# Do we need a new SLOWER Motor Class?



## John Foister (Nov 3, 2002)

*I think so.*


----------



## Ralf (Oct 19, 2001)

I am trying to get back in the goroove, was just in it for a few minutes it seems. Anyway, want to run brushless, keep it simple, work on chassis and driving, mostly the later. 13.5 is a bit fast to get started back in for me and a little too fast for the average newb, so YES a slower class IS needed. Let us slower guys stay out of your heats and mains until we improve a bit. IMO


----------



## JSJ Racing (May 18, 2004)

*I think so too*

Yes, I think we need a new slower "brushless" motor class.

First of all we race on a concrete oval track. We run 13.5, 4300, and two breakout classes. Our breakout pan car class is 6.0 seconds. Our 13.5 class is running at an average of 4.5 second laps. Since 6.0 is our "beginner" class it is a huge set up to 13.5. I think that we need a brushless motor that would run around 5.0 second laps.

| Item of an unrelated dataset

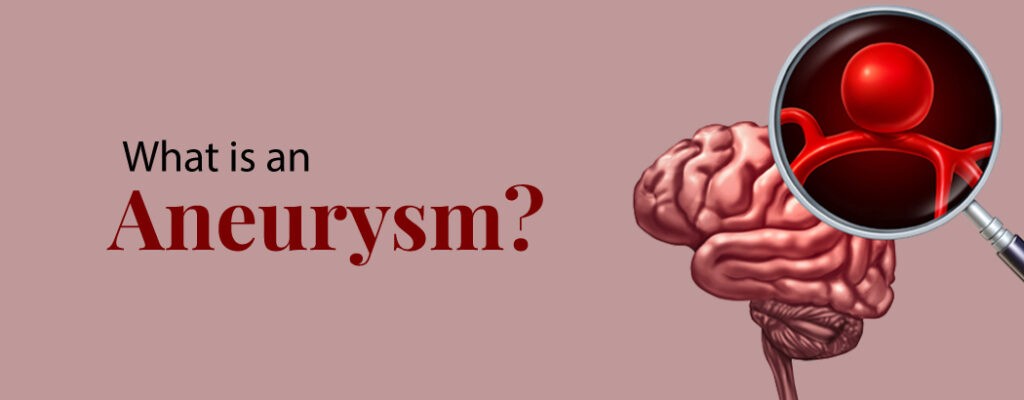 What is an aneurysm?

We have a few racers who are going to get the new 17.5 motor, that Novak is releasing in limited numbers, and see what lap times this motor will turn. I am hoping this motor will be what we are looking for to bridge the gap from 6.0 to 13.5. Because some of our breakout guys are wanting to run with out a breakout.

Scott Johnson


----------



## swtour (Oct 8, 2001)

Scott,

Make sure you guys get together and do a club bulk purchase on the 17.5's on SHOPATRON and save the extra $5.00 per motor...(Order 4 at a time)


----------



## John Foister (Nov 3, 2002)

To be sure everyone understands, I am talking alot slower. Let us look at a particular track (oval) where:

Mod lap times are 3 sec
4300 is 3.3
19 turn is 3.4
13.5 is 3.6
stock brushed 3.7 or 8
I am talking about 4 to 4.5 sec laps for this new motor class.

Onroad track
where lap times are aroud 10 seconds
Lets go to 15 seconds with a slower motor.

I am proposing alot slower. Slow enough where if a spectator comes up to you in practice you are not afraid to say *Here take a few laps.*

Are there enough current racers willing to drop back and go that slow? Alot more than most are willing to take a serious look at. Lets make another attempt at putting the fun back in rc cars for the causal rc enthusiest without taking anything away from the die hard gotta go fast guys(which I am also in that group but not exclusively).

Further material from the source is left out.